*** SUPPLIED INFORMATION

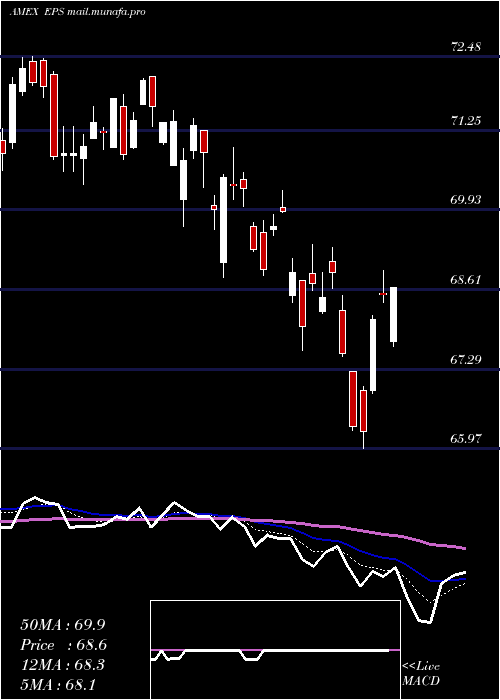  Daily chart Earnings500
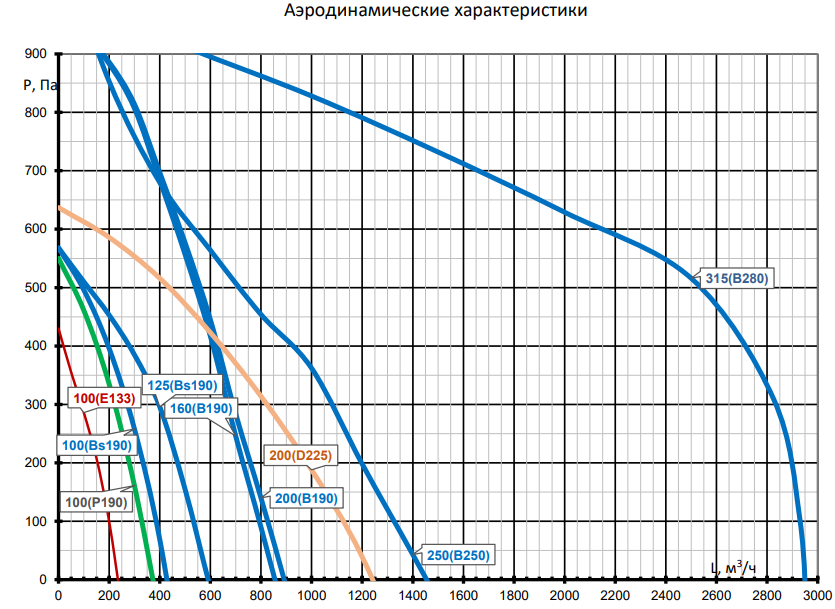 Вентилятор Naveka VS(EC1)-200(D225) Compact фото#3
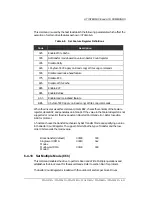 Предварительный просмотр 77 страницы Samsung WA31273A Technical Manual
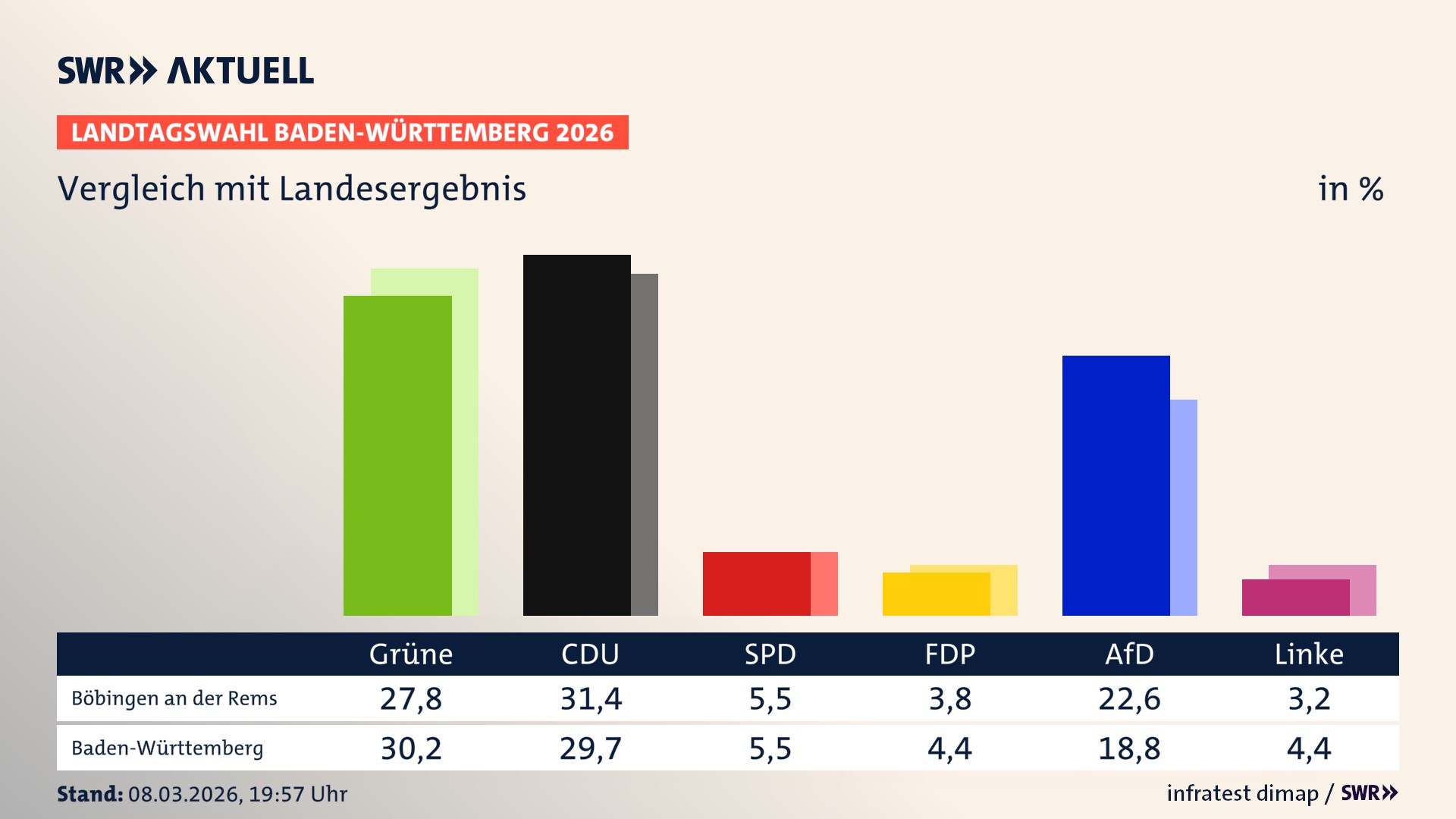 So hat mein Ort im Vergleich zum Landesergebnis gewählt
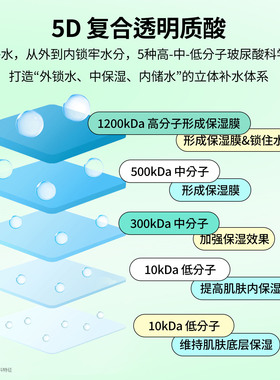 torriden桃瑞丹爽肤棉片补水温和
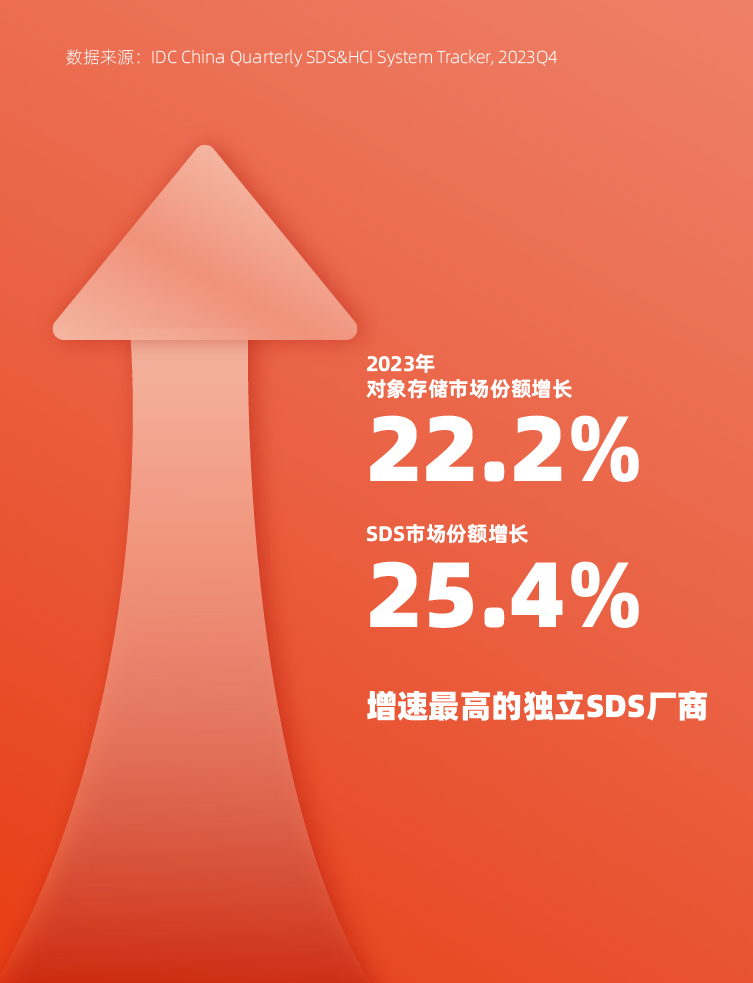 PG电子市场排名 PG电子排名 PG电子IDC排名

******

TASK TO COMPLETE:
Quote the preceding listing precisely and completely, omitting its images.

EXERCISE SOLUTION:
  Daily chart Earnings500
 Вентилятор Naveka VS(EC1)-200(D225) Compact фото#3
 Предварительный просмотр 77 страницы Samsung WA31273A Technical Manual
 So hat mein Ort im Vergleich zum Landesergebnis gewählt
 torriden桃瑞丹爽肤棉片补水温和
 PG电子市场排名 PG电子排名 PG电子IDC排名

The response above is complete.